Fu did not specify what “meddling” she was referring to, but Beijing’s increasingly assertive stance towards its claims in the South China Sea and East China Sea have stirred alarm in the region and prompted criticism from Washington.
The planned spending increase is in line with last year, when the government said 2016 outlays would increase by 6.5-7.0 percent.
The 2016 figure marked the first time in six years that spending growth did not rise into double figures.
China is engaged in a decades-long build up and modernisation of its once-backward armed forces as it seeks military clout commensurate with its economic might.
But its military capabilities remain modest compared to the United States, Fu said, adding that concerns about the country’s military buildup are unwarranted.
“China has never caused harm to anyone, to any country,” she said.
But recent reports that Beijing may be militarising artificial islands in the South China Sea have raised concerns in Washington, which has long argued China’s activities in the region threaten freedom of navigation through the strategically vital waterways, sending ships and aircraft to pass close to the growing islands.
Brunei, Malaysia, the Philippines, Vietnam and Taiwan have contested Beijing’s claims.
Recent satellite imagery indicates China is completing structures intended to house surface-to-air missiles (SAMs) on a series of such artificial landmasses, the Washington think-tank Asia Maritime Transparency Initiative said last week.
Future trends in the region “will depend on US intentions vis-a-vis the region and US activities (which) to a certain extent set the barometer for the situation here,” Fu said.
“Probably fundamentally the United States is concerned that China may catch up with the United States in terms of capability, but we are a developing country. There is a huge gap between China and the US in capability.”
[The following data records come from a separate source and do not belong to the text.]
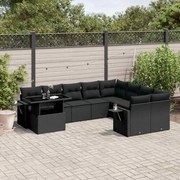 vidaXL 10 pcs conjunto sofás de jardim c/ almofadões vime PE preto
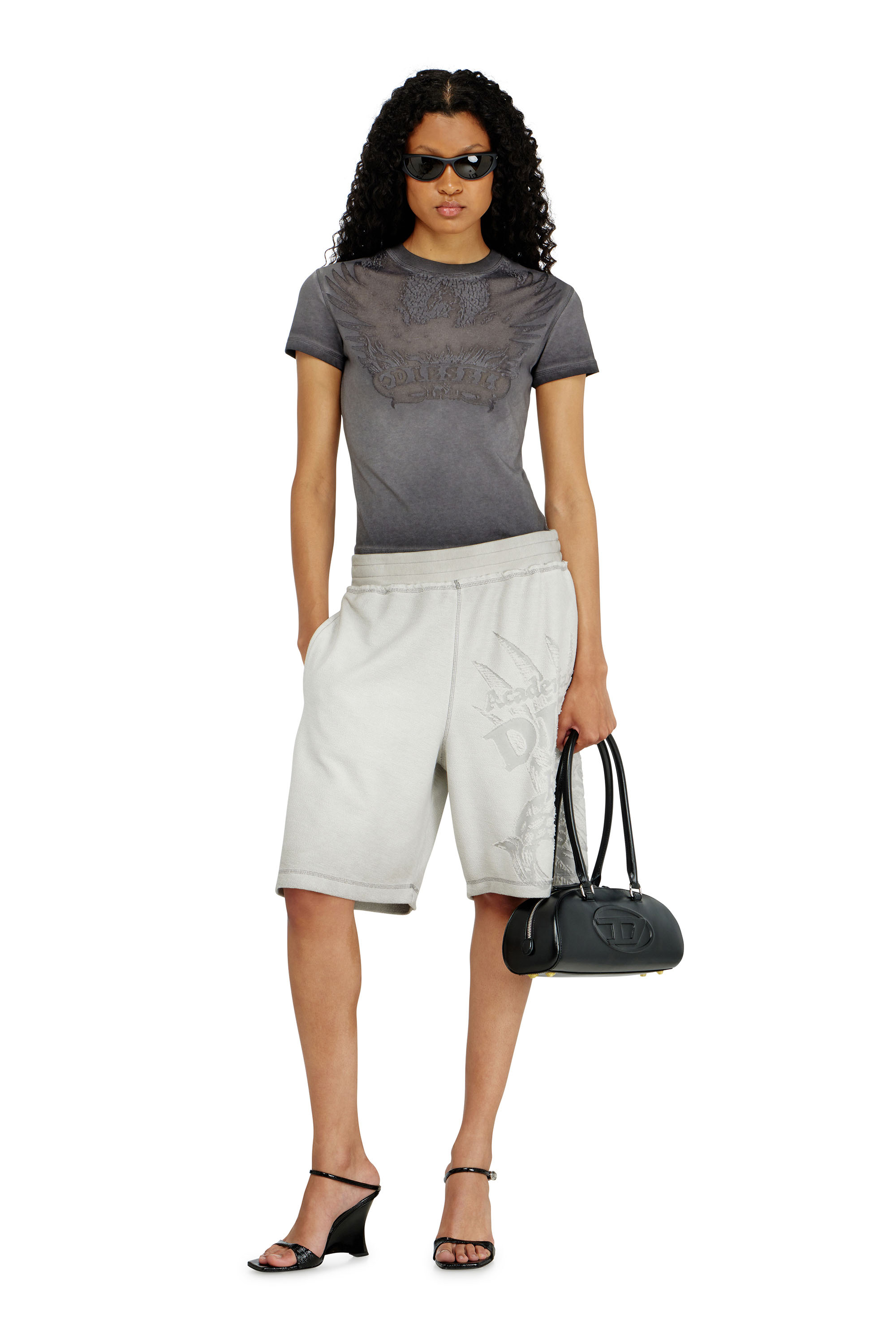 Diesel - T-ILA-AA7, T-shirt slim avec d&eacute;vor&eacute; Phoenix Femme in Gris - 2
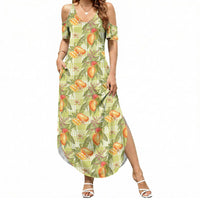 Vintage Hawaii Mango Summer Maxi Dress Yellow Green Hawaiian Palaka LT05 Women Green - Polynesian Pride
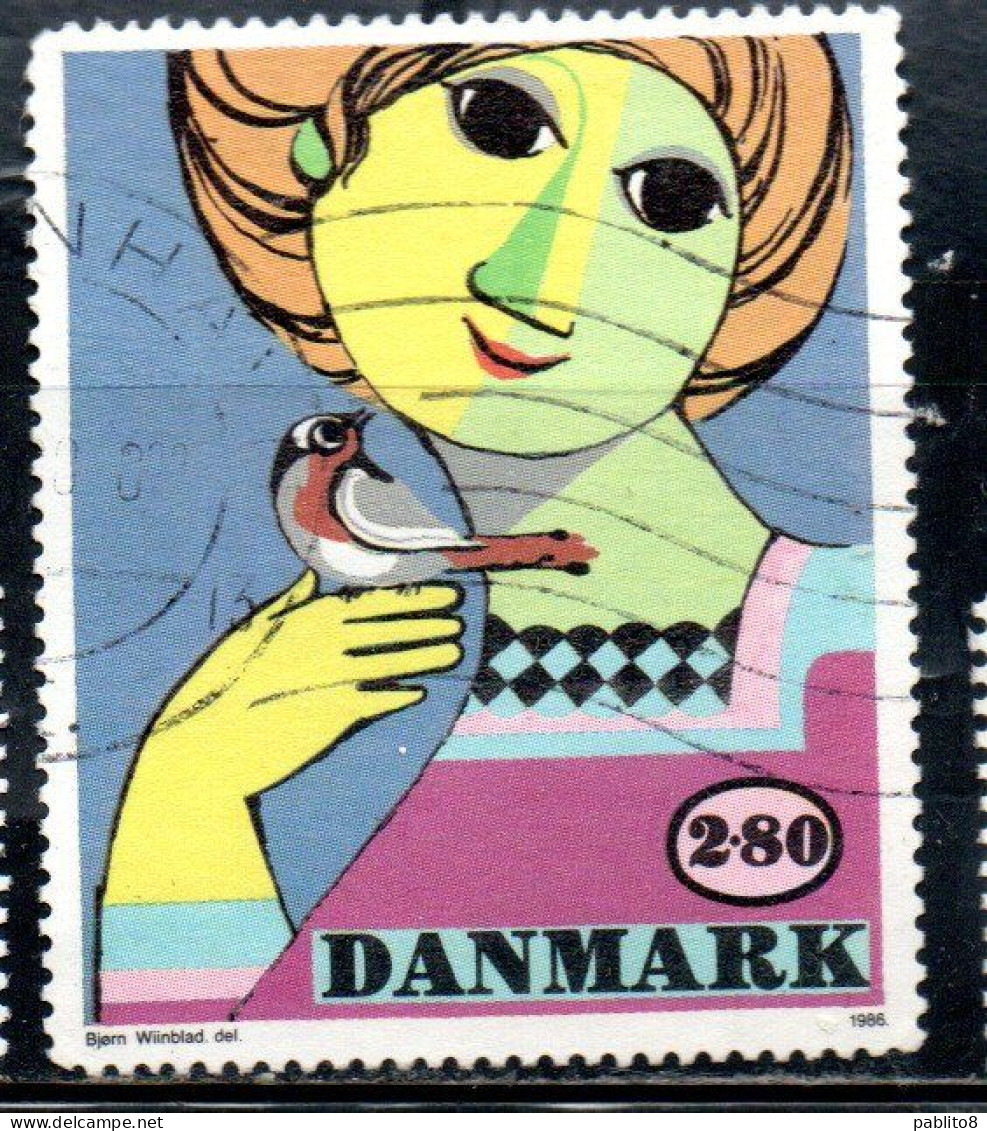 DANEMARK DANMARK DENMARK DANIMARCA 1986 PAINTING BY BJON WIINBLAD 2.80k USED USATO OBLITERE' - Used Stamps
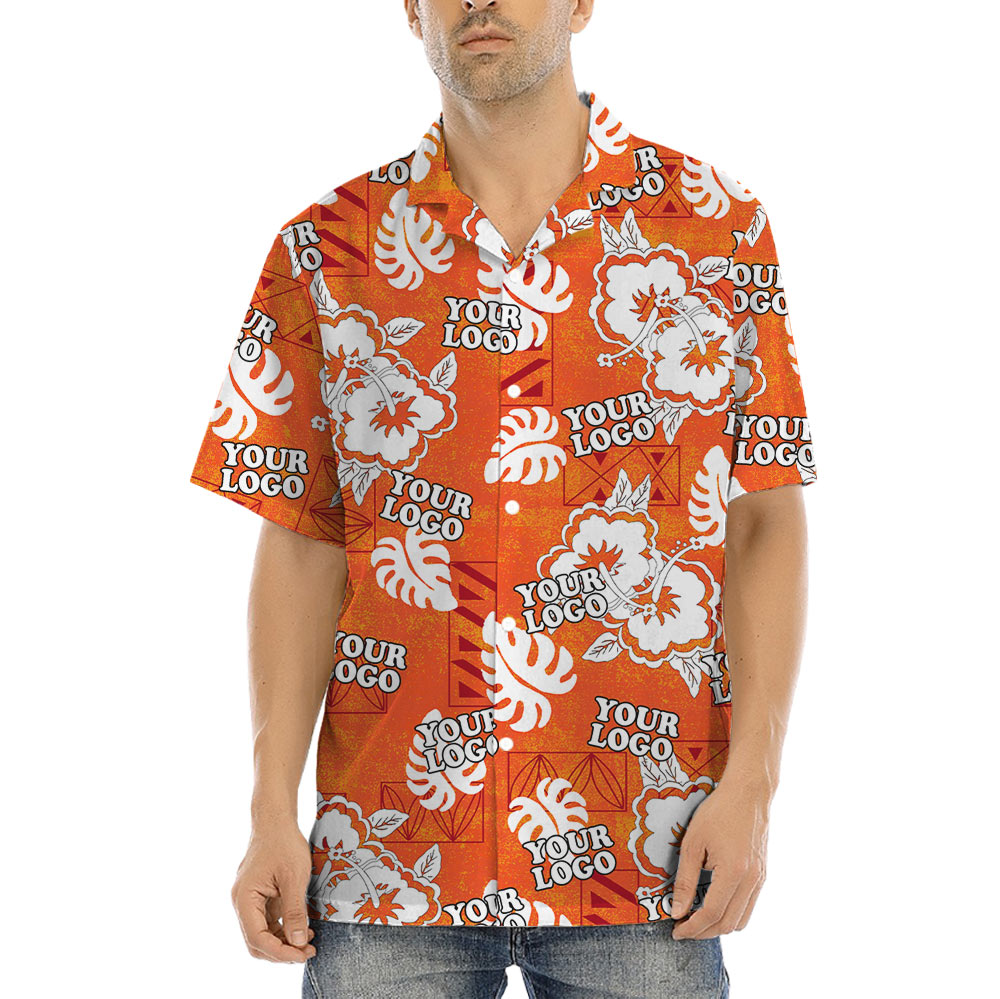 Vintage Hibiscus Orange Hawaiian Shirt With Custom Logo - variant image 1
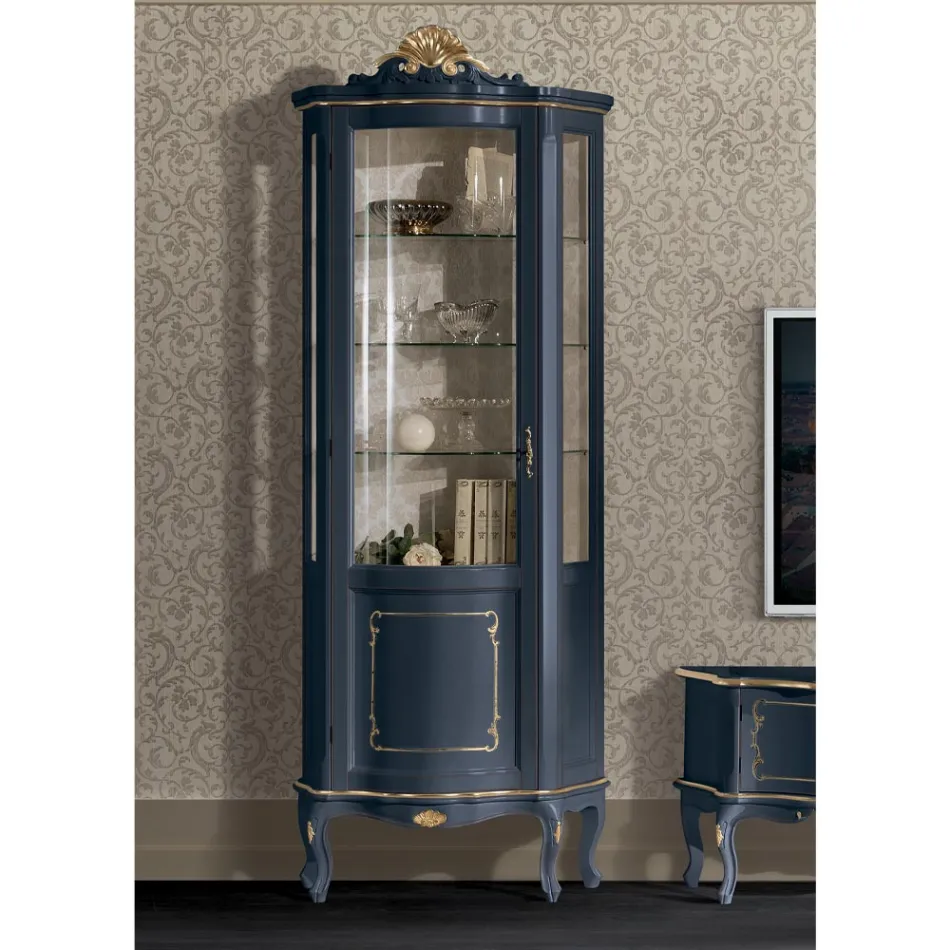 Vitrina din lemn pentru living cu 1 usa de lux Made in Italy - Leonor Viadurini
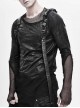 Broken Holes Mesh Splicing Pleated Leather Loop Irregular Hem Black Punk  T-Shirts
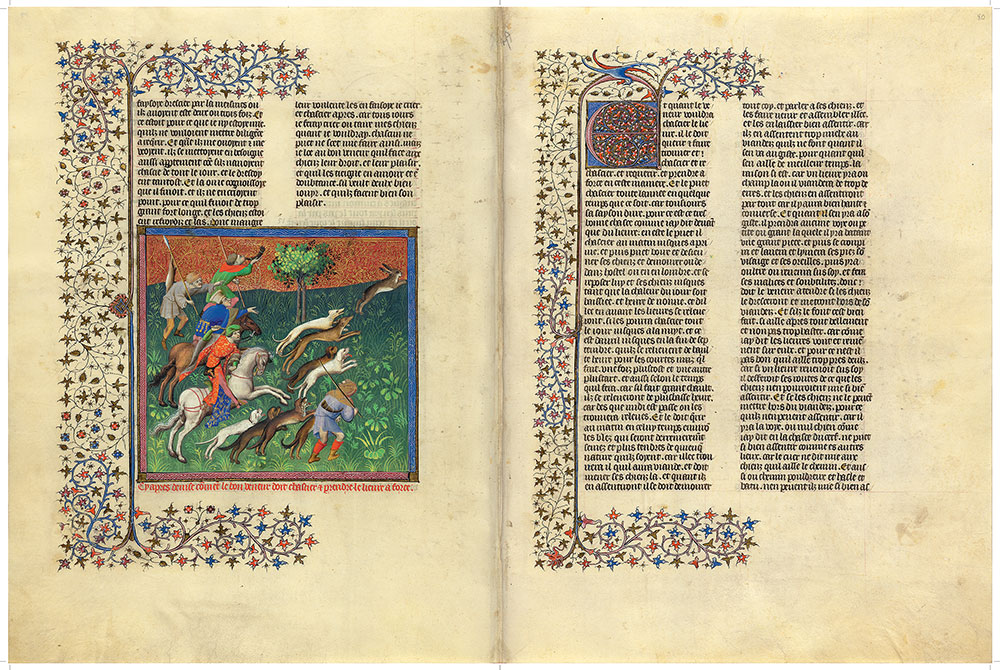 MS M.1044, fols. 79v–80r, Livre de la chasse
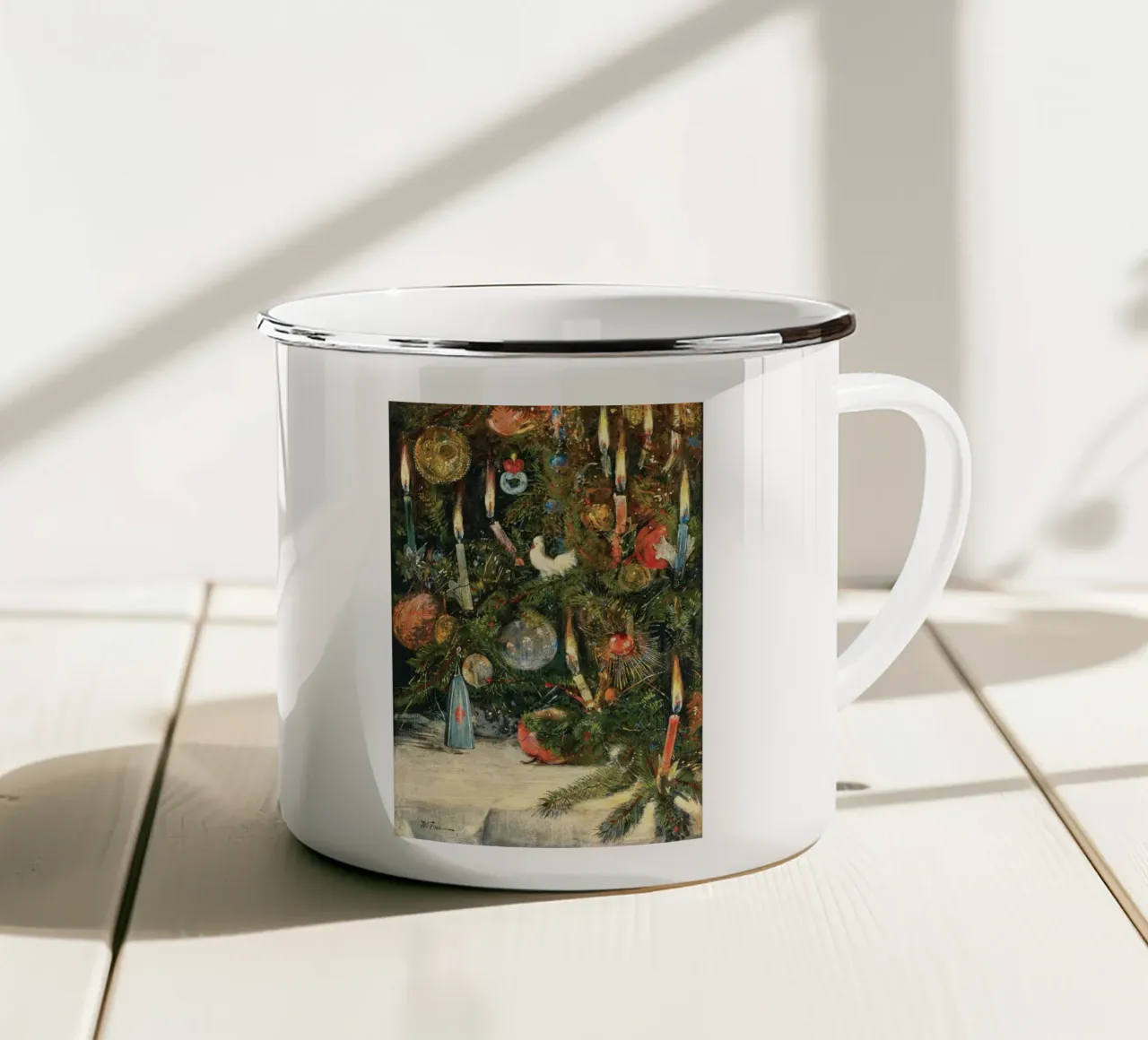 Christmas Tree Decorated with Lights tazza in smalto da apoloprints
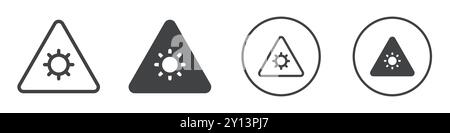 Soleil avec une icône de triangle d'avertissement symbole vectoriel simple plat contour collection logo Illustration de Vecteur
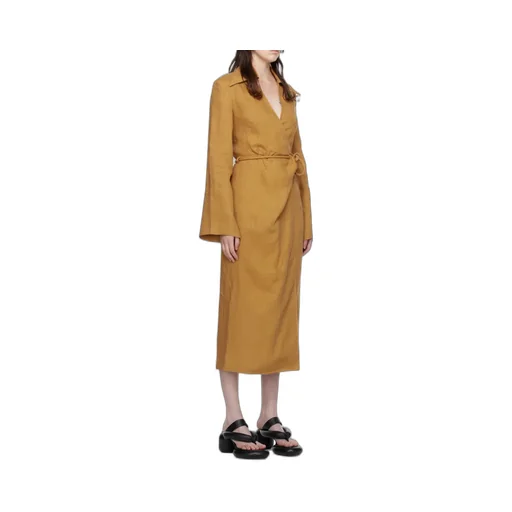 Open-Back Linen Midi Wrap Dress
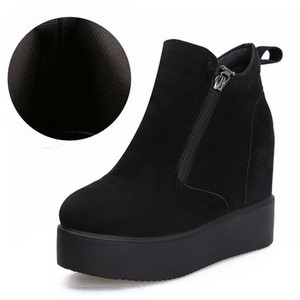 Öko-seemisnahast naiste vabaaja saapad luku ja kõrge tallaga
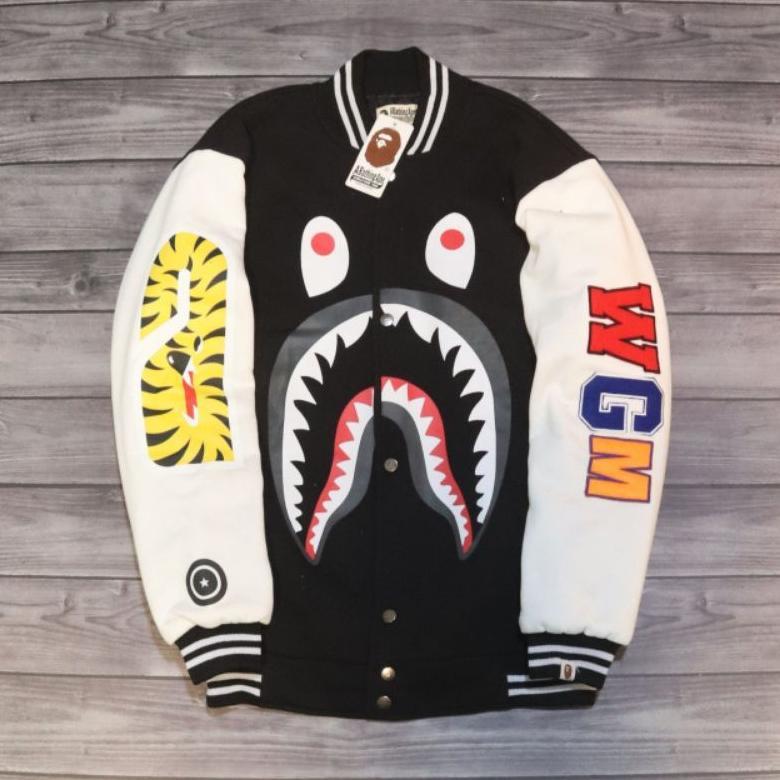 VARSITY BAPE WGM FULL TAG & LABEL - JAKET VARSITY WGM BAPE SHARK AUTHENTIC PREMIUM - AAPE BY A BATHI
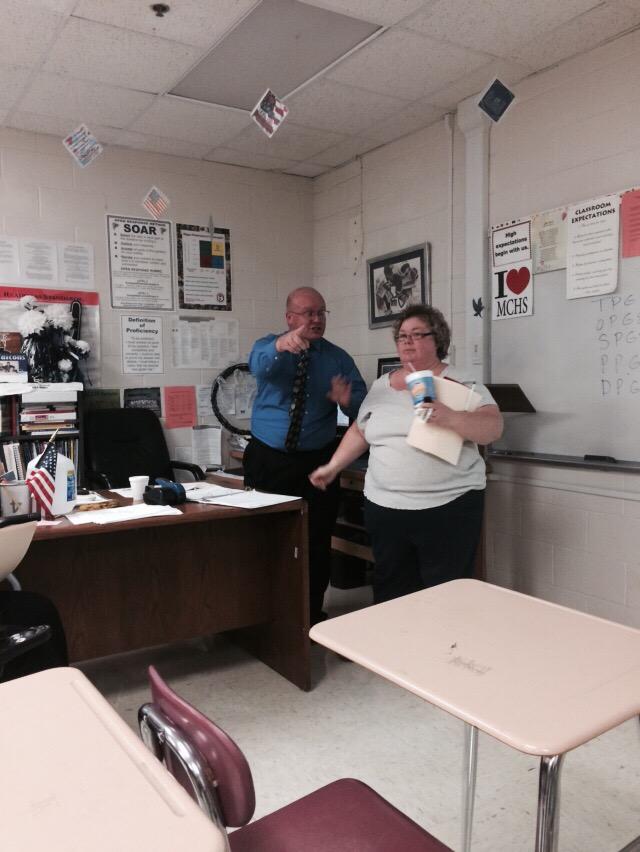 TregTurner's tweet photo. Mrs. Gee laying the law down at #MCSDPDDAY http://t.co/q5roGDW8dA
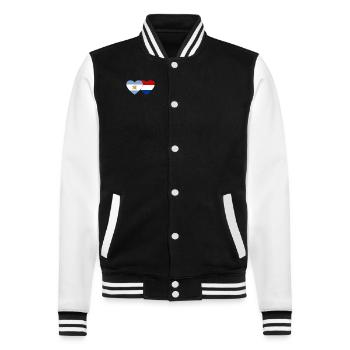 Argentina Holland Flag Heart - College Sweat Jacket - black/white - Front - Nik (191cm) & Marisol (170cm)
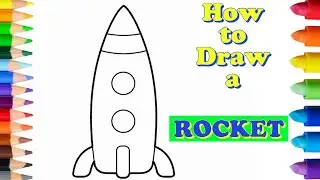 Rocket Drawing Tutorial How to Draw a Rocket Coloring Pages for Kids Coloring and Drawing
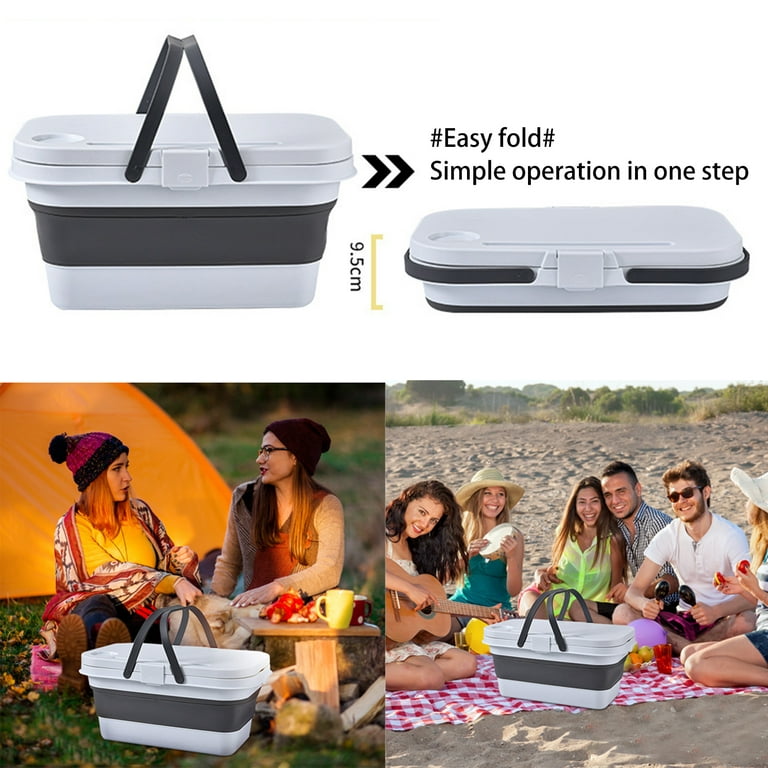 Foldable Alloet Camping Container Fruit Storage Picnic Box Lid with Basket Food (White)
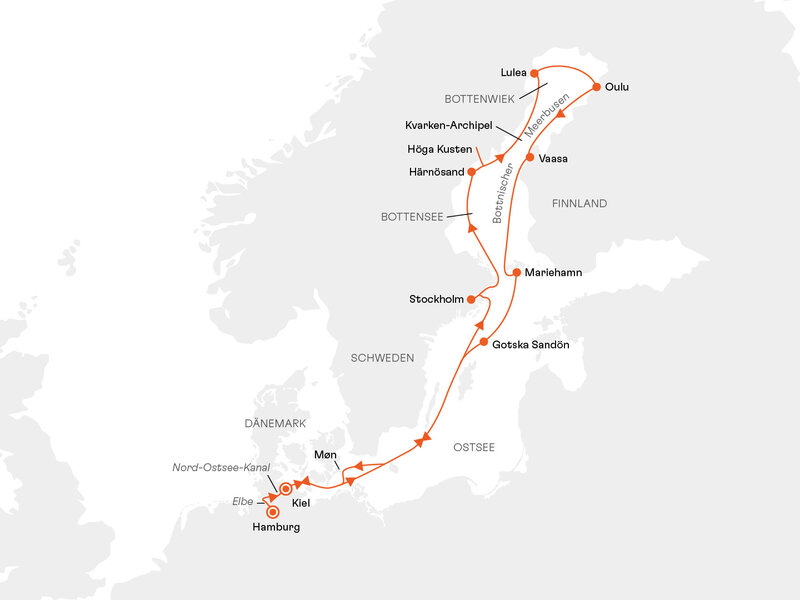 Routenkarte: Expedition Indian Summer in Lappland: Die Farbsymphonie Skandinaviens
Chinese state media said recently that China was testing the latest version of its fifth-generation stealth fighter, part of a campaign to end the West’s monopoly on the world’s most advanced warplanes.
China also for the first time sent its sole aircraft carrier into the Pacific for exercise in December, according to Chinese reports.
Barthelemy Courmont, a senior Research Fellow at the Paris-based French Institute for International and Strategic Affairs (IRIS) said it was understandable that a modernising China would seek more advanced armed forces.
“But this development also reflects Beijing’s ambition to impose its supremacy over Asia by giving itself the means of being a credible power,” he said.
He warned, however, that the territorial tensions were leading to a “senseless arms race” in the region.
“It’s often in reaction to China’s spending increases that neighbouring countries also decide to strengthen their military capacities,” he said.